This is so true. Sometimes when I can't sleep at night, I just lie in my bed and tolerate everything.


----------



## I Kant (Jan 19, 2013)

If you aren't trying to achieve the difficult and complex, tolerance becomes easier.

If you aren't a part of something that others want to use and thus want to harry you, tolerance becomes easier.

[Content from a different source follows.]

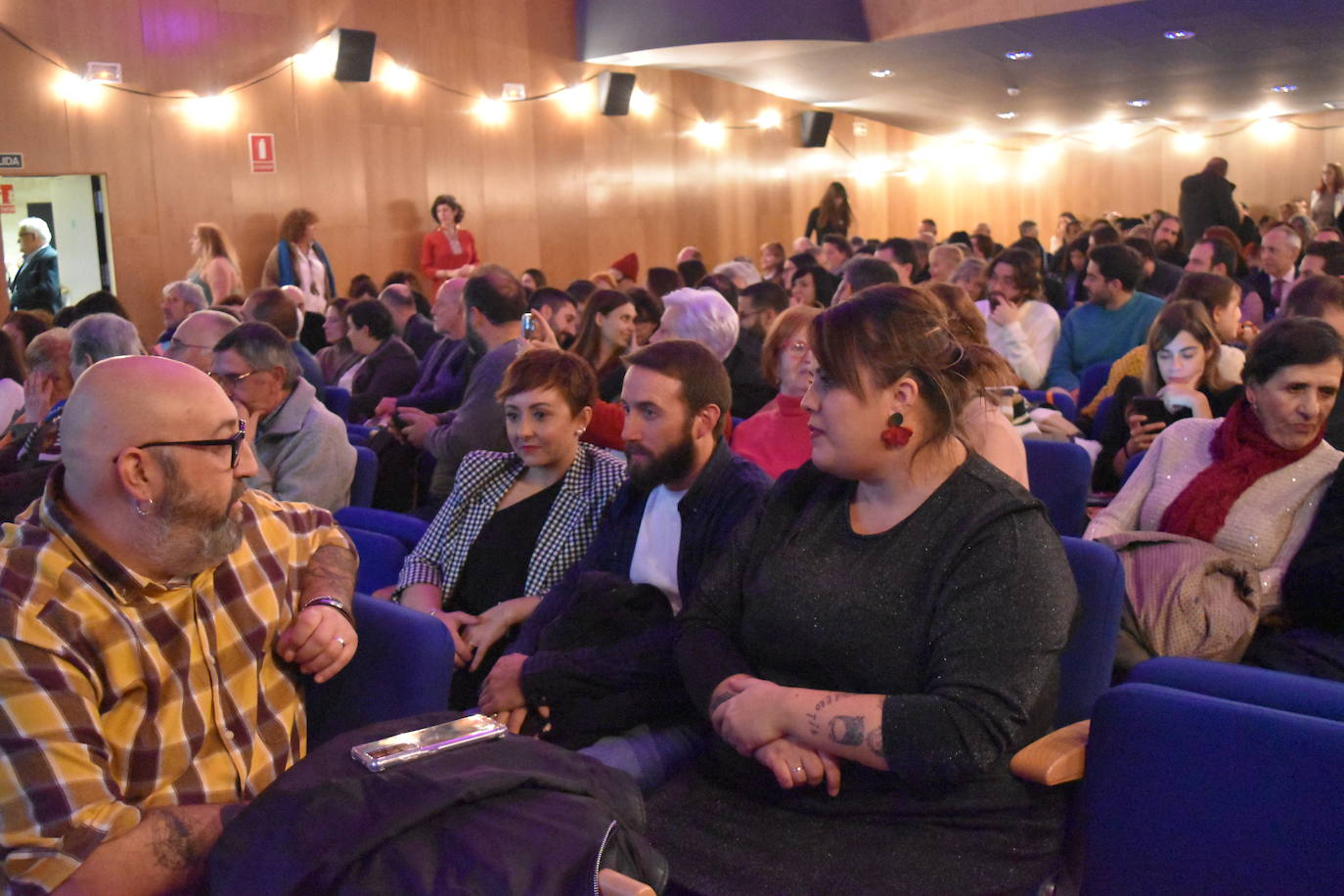 Fotos: Invitados a la clausura del Festival de Aguilar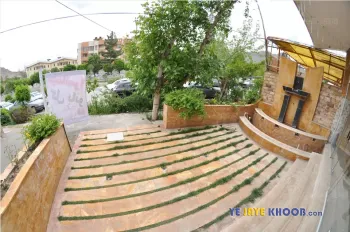 مهمانپذیر گل بانو قمصر کاشان - نمای بیرونی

Not all things are equal. Depending on the issue, tolerance can be beneficial or detrimental.


----------



## Velasquez (Jul 3, 2012)

Go tell an INFP something that they disagree with and see how tolerant they _really _are.


----------



## Kabosu (Mar 31, 2012)

Moreover, try criticizing their decision making.
Not just a Je dom thing and they're generally more direct.


----------



## Scelerat (Oct 21, 2012)

Tolerance is determined by how a person reacts to a differing opinion from theirs, it's why it's so fun to mess around with a lot of left-wing liberals because despite tolerance being a supposed virtue, there tends to be some strong reactions from that front. There is also the whole "if you tolerate intolerance you're not really a liberal" which is a funny example of a circular statement if I ever saw one. There is also the question of how you define "tolerance" and "intolerant" in a given context. 

Personally, I think people should be as honest as possible in a situation where something bothers them.


----------



## Old Intern (Nov 20, 2012)

Tollerance is a tricky word. Some people make a lot of noise but will turn on a dime if offered a well reasoned argument that has some angle to it that matters to them. Other people sound gracious, while inside they hold long grudges about things that don't have any real world consequence for anybody.

For me, Si and Fi are the hardest to deal with because what they say matters, and what is going on inside may not be anything alike? (harder for them to present a verbalization?). I don't care if somebody is intollerant as long as these are intollerances that we can and do deal with legally when necessary. 

I don't mean people should kill each other. I don't like being around people who try to tell you they are being logical but then they don't present the actual argument or grievance. You don't have to be logical and I don't have to agree with you, and we could still get along fine. Its perfectly okay to say I want this or that. I'ts perfectly okay to tell me I'm wrong - and dump it all on me about why. Just don't mix these things together and pretend it's all the same. - I'm a little bit inflexible about that.


----------



## tangosthenes (Oct 29, 2011)

Old Intern said:


> Some people don't have any real world consequence for anybody.
> 
> I don't care if somebody is tolerant as long as we can and do deal with them when necessary.
> 
> People should kill each other. I don't like being around people. You don't have to be logical and I don't have to agree with you, just don't mix these things together and pretend it's all the same.


I have to agree.


----------



## Old Intern (Nov 20, 2012)

People should kill each other? :shocked:


----------



## Lilyanith (Nov 8, 2010)

KraChZiMan said:


> This is so true. Sometimes when I can't sleep at night, I just lie in my bed and tolerate everything.


This made my night. Well done, sir.


----------